Doing business Argentina choosing legal vehicle

a. To register before the Public Registry of Commerce (Registro Público de Comercio or RPC) the foreign companies that will be the shareholders of the future locally incorporated one;

In the first issue of Doing business Argentina Guide to set up and maintain a Company in Argentina, we set forth a number of steps to be followed for those wishing to incorporate a company for Doing Business in Argentina. The first one was: “a. To register before the Public Registry of Commerce (Registro Público de Comercio or RPC) the foreign companies that will be the shareholders of the future locally incorporated one;”

We will now add further explanations on this first step.

Choosing the right legal vehicle

The so-called Sociedades Anónimas (or SA), publicly or closely held, are by far the most chosen legal vehicle to do business in Argentina[1].

Under Argentine Law, SA´s requires a minimum of two shareholders. There is no cap on the number of shareholders a SA may have.

Shareholders to an SA can be either individuals or legal entities. Save for exceptional and limited cases, there are no nationality or residence requirements to become shareholders of a SA: foreign individuals (whether residents in Argentina or not) or foreign legal entities may hold the whole share capital.

To channel foreign investments, two foreign companies as shareholders usually form domestic SAs. To have interest in SAs, foreign companies must be previously registered with the Public Registry of Commerce (Registro Público de Comercio or RPC), as we have pointed out in the first part of this guide. According to the jurisdiction the foreign legal entity is incorporated, the registration process may be more or less time consuming(but in any case a period of around six month is to be expected before it is completed). Until both foreign companies are registered before the RPC, they cannot grant the public deed forming the domestic SA.

On the contrary, to become shareholders of a SA, foreign individuals need not fulfilled with any prior requirement but just to register with the tax authorities to get their fiscal identification key (Clave de Identificación or CDI).

In the next issues of this Guide, we will cover the principal features of SAs and the registration procedures to be followed by foreign companies before the PRC, prior to become shareholders of a brand new SA or an already existing one.

Please, fill free to contact us if you need further information about any of the issues dealt with up to now.

 

[1] They are similar to corporations or companies limited by shares in common law countries.

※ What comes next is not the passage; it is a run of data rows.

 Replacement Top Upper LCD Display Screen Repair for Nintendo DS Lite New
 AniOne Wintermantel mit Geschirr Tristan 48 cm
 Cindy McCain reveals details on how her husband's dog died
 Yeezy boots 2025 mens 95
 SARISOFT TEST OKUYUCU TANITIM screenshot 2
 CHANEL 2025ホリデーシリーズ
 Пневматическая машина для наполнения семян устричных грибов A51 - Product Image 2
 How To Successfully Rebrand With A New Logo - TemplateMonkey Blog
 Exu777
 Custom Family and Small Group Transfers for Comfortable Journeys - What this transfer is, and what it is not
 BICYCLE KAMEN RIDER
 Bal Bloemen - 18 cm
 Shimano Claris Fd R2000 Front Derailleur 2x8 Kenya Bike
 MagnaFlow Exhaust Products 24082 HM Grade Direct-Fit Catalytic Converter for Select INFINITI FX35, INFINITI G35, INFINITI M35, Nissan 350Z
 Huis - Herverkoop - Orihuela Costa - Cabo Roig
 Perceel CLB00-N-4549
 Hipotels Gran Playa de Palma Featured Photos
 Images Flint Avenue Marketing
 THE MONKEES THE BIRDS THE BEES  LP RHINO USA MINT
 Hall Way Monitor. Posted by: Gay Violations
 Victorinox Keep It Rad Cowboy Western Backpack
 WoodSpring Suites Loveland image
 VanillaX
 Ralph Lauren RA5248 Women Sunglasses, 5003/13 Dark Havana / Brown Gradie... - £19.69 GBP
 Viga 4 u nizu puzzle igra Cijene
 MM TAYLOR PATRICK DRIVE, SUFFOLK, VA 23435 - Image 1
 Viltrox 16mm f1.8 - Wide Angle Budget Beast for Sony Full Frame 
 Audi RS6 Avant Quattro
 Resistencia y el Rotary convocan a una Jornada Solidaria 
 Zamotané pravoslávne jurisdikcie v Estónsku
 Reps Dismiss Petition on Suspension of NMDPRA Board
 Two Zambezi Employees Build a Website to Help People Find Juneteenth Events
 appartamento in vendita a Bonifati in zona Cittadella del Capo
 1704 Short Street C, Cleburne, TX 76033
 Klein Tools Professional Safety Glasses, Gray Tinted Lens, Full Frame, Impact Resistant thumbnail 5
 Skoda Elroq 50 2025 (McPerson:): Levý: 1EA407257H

Another options of legal vehicles would be Branches and the so-called Sociedad de Responsabilidad Limitada (or SRL). Following, we will outline some differences of these vehicles compared to SAs.

Branches

As Pros:

–       They do not need any minimum allocation of capital, with the exception of certain regulated industries (such as banking or insurance);

–       They just require a legal representative registered before the RPC (no board or any other officers are required).

As Cons:

–       They cannot raise capital;

–       The parent company is fully liable for the branch´s debts.

SRLs

As Pros:

–       Easier to form and maintain.

As Cons:

–       Maximum of fifty partners;

–       SAs – or similar foreign legal entities – cannot be partners of SRLs;

–       SRLs have many provisions thought more for a family company;

–       Unlike SAs, SRLs are not allowed to be listed on a stock exchange;

–       To assign rights over the shares is far easier than doing the same over cuotas of a SRL. Further, any change of partners in a SRL involves also changing by laws.